We can choose how we respond to events. Yeah, fat lot of good that did Sheldon Cohen: “Gee, they shot me in the neck. Shame, they must be from a disadvantaged background. Ah well, looks like I’m going to die. Nkosi Sikelel’ iAfrika …”

It shocked me to the core one day when I came home from work as crime reporter for the Pretoria News and showed my wife the front page: a huge story with banner headlines about a botched bank robbery in which three crooks, a policeman and a bank teller had been killed and three people, including a child, had been injured. I was so proud of the work I had done — picture byline, the lot.

But Debbie didn’t see that. She saw and felt the tragedy, the suffering, the sense of loss, the brutal inhumanity of it all.
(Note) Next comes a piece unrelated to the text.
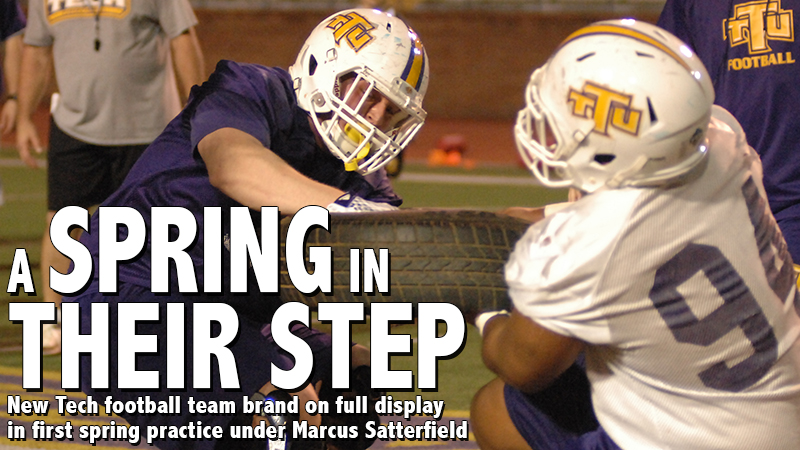 New Tech football team brand on full display in first spring practice under Marcus Satterfield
I was so ashamed, so devastated, so disgusted with myself that I had become so callous and inured to the suffering I was reporting on. When death and brutality face you every moment, it is easy to become comfortably numb.

I think about that every time I see one of James Nachtwey’s powerful images or hear embedded journalists reporting from the West Bank or Darfur.

But we’re lucky in South Africa, a land alive with possibilities. A paradise of choices.

Tell that to Sheldon Cohen’s family. Tell that to the families of the 18 000 people who will have been murdered by this time next year. Tell that to the women and children who are raped every 20 seconds. Tell that to the 9 000 people this year who will see no choice but to take their own lives.

It is long overdue that our inept rulers choose to do their job properly or get out of the way and let others more competent do it. Where we will find them I don’t know, but we’re alive with possibilities. And we have the choice.